IBYME   02675
INSTITUTO DE BIOLOGIA Y MEDICINA EXPERIMENTAL
Unidad Ejecutora - UE
congresos y reuniones científicas
Título:
THROMBOSPONDIN-1 (TSP-1) ANALOGS ABT-510 AND ABT-898 INHIBIT PROLACTINOMA GROWTH AND RECOVER PITUITARY ACTIVE TRANSFORMING GROWTH FACTOR-b1 (TGF-b1)
Autor/es:
RECOUVREUX MV; CAMILLETTI MA; RIFKIN DB; BECU-VILLALOBOS D; DÍAZ TORGA G
Lugar:
Houston
Reunión:
Congreso; ENDO 2012; 2012
Institución organizadora:
The Endocrine Society
Resumen:
Prolactinomas are the most prevalent
type of secreting pituitary tumors in humans, and generally respond well to a
medical therapy with dopamine agonists. However, for patients exhibiting
resistance to dopaminergic drugs, alternative treatments are desired.
Antiangiogenic strategies might represent a potential therapy for these tumors.
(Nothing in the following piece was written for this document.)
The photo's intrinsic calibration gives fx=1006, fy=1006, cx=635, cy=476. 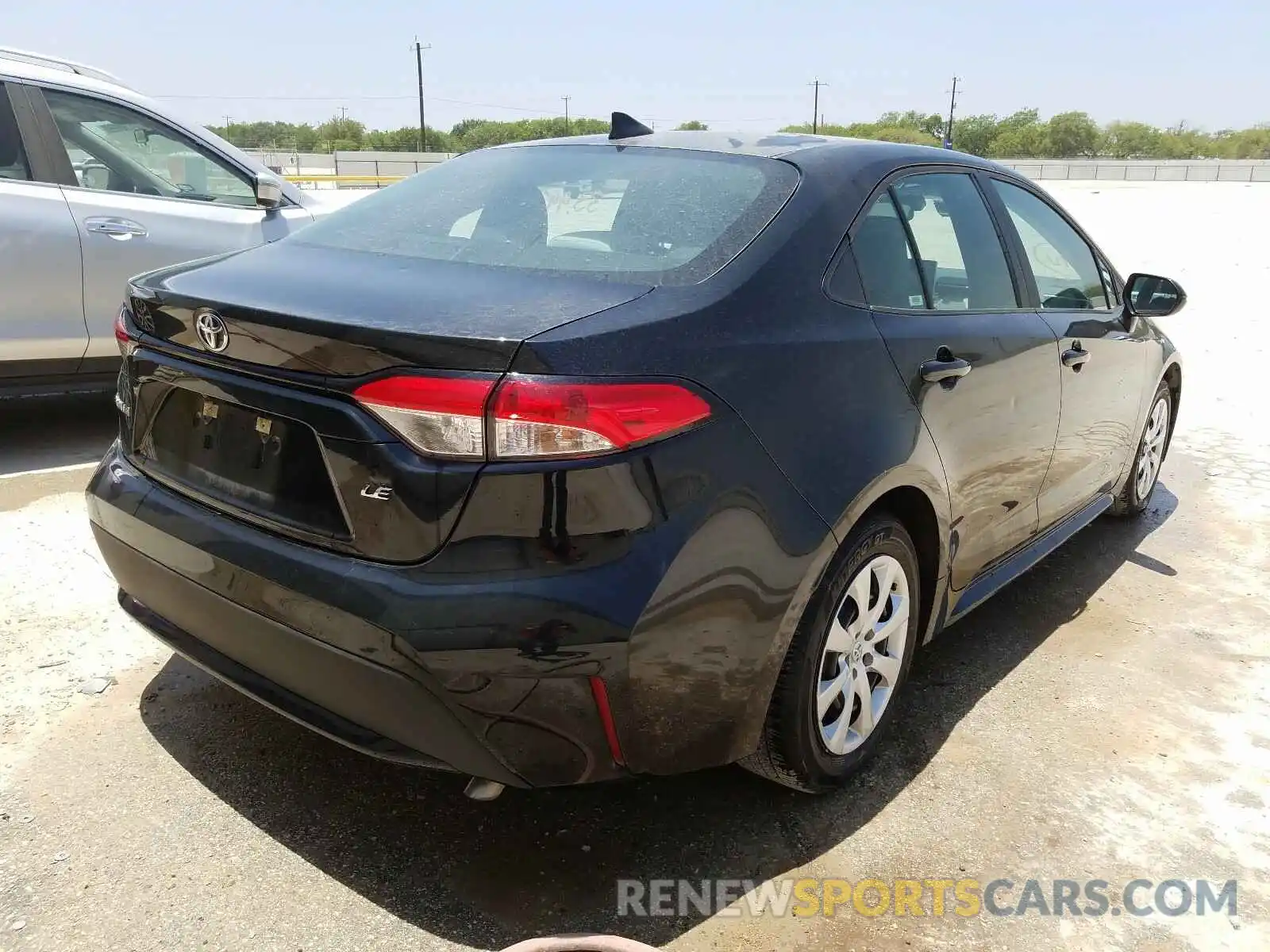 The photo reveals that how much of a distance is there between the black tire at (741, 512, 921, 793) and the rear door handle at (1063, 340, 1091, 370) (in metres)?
1.25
TSP-1 is a large multifunctional glycoprotein involved in multiple biological
processes including angiogenesis, apoptosis, and activation of TGF-b1. Since tumors that over-express TSP-1 grow slower, have
fewer metastases and have decreased angiogenesis, TSP-1 provides a novel target
for cancer treatment. ABT-510 and ABT-898 (Abbott Laboratories) are TSP-1 synthetic
analogues that mimic its antiangiogenic action.
The aim of
the present study was to explore the potential therapeutic effect of ABT-510
and ABT-898, on experimental prolactinomas developed after 4 weeks of diethylstilbestrol
(DES) treatment in female rats. Two
weeks after DES pellet (20mg) implant, rats were injected three times a week
during two weeks with vehicle, ABT-510 or ABT-898 (100mg/kg ip). Both TSP1
analogues were effective in decreasing pituitary tumor size (p=0.03) and PRL
serum levels (P=0.0002), induced by DES. PCNA protein expression evaluated by
western blot, was as well reduced after treatment, indicating a decrease in tumor
proliferation rate (P<0.03). In order to evaluate the antiangiogenic effect
of the drugs, we analyzed the vasculature by immunohistochemical staining of
pituitary sections with the endothelial cell marker CD31. Total vascular area,
as well as the number of CD31 positive vessels per area, were increased in DES
pituitaries compared with controls (P<0.03). Both ABT-510 and ABT-898
treatment significantly decreased microvessel density (P=0.01 and P=0.027). Finally, we found that treatment with the
TSP-1 mimetic peptides were able to recover pituitary active TGF-b1 content in
DES-treated rats, without effect on total TGF-b1 levels (measured by ELISA) or in
its mRNA synthesis. Accordingly, we found that PSMAD2/3 expression was enhanced
after treatment, suggesting a recovery of TGF-b1 activity in the pituitary.
Our results show
that ABT-510 and ABT-898 decrease pituitary tumor angiogenesis, tumor size,
proliferation rate, serum prolactin values, and restore pituitary TGF-b1
activity. These
results, place these synthetic TSP-1 analogs as potential alternative or
complementary treatments in dopamine agonist-resistant prolactinomas.